1. Mes disciples furent sans doute les premiers à s’endormir, et les Romains aussi étaient las ; chacun se fit un oreiller de ses mains, s’appuya sur la table et s’endormit comme dans un lit moelleux. Quant à notre Murel et à Philopold, ils ne s’endormirent point, mais allèrent un peu à l’écart et s’entretinrent pendant tout ce temps de ce qui était arrivé.
2. Notre Mathaël vint les rejoindre et dit : « Il m’est impossible de dormir après tout ce que j’ai vu et vécu ici en deux jours successifs.
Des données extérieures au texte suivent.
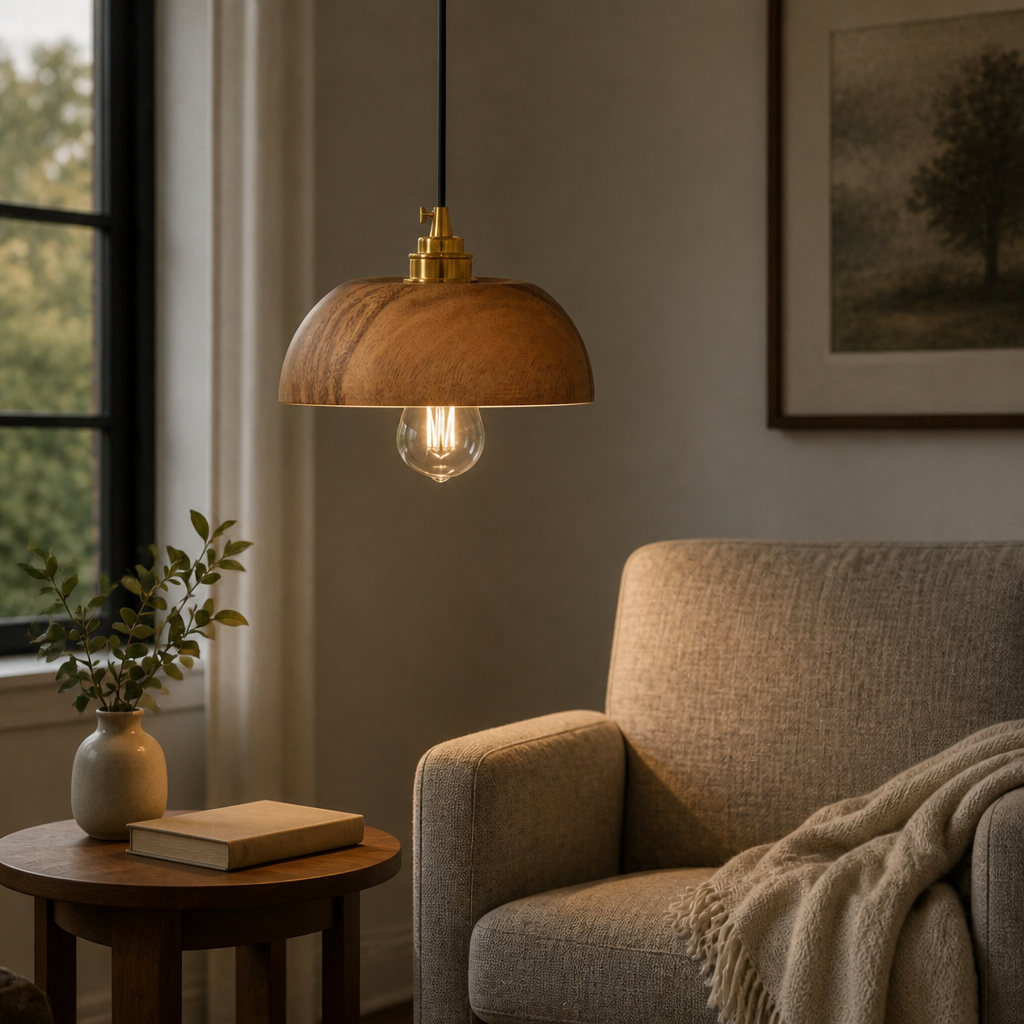 Walnut wood dome pendant in reading corner at evening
Songez donc, il y a trois jours encore, j’étais possédé par une légion de diables, et, certes tout à fait à mon insu, sans doute le plus redouté des bandits de grand chemin !
3. Là où l’on croyait que j’étais, nulle caravane ne s’aventurait à passer, et celui qui tombait entre mes mains ne passait pas son chemin sans dommage !
Et à présent, je suis le gendre du roi Ouran, corégent de ce grand royaume pontique qui va jusqu’au royaume des Scythes, et qui s’étendrait du Pont à la mer Caspienne, par-delà une grande montagne.
N’est-ce pas là une merveille des merveilles ?! Oui, il se passe ici des choses dont aucun homme ne saurait avoir idée en aucun autre lieu de la terre !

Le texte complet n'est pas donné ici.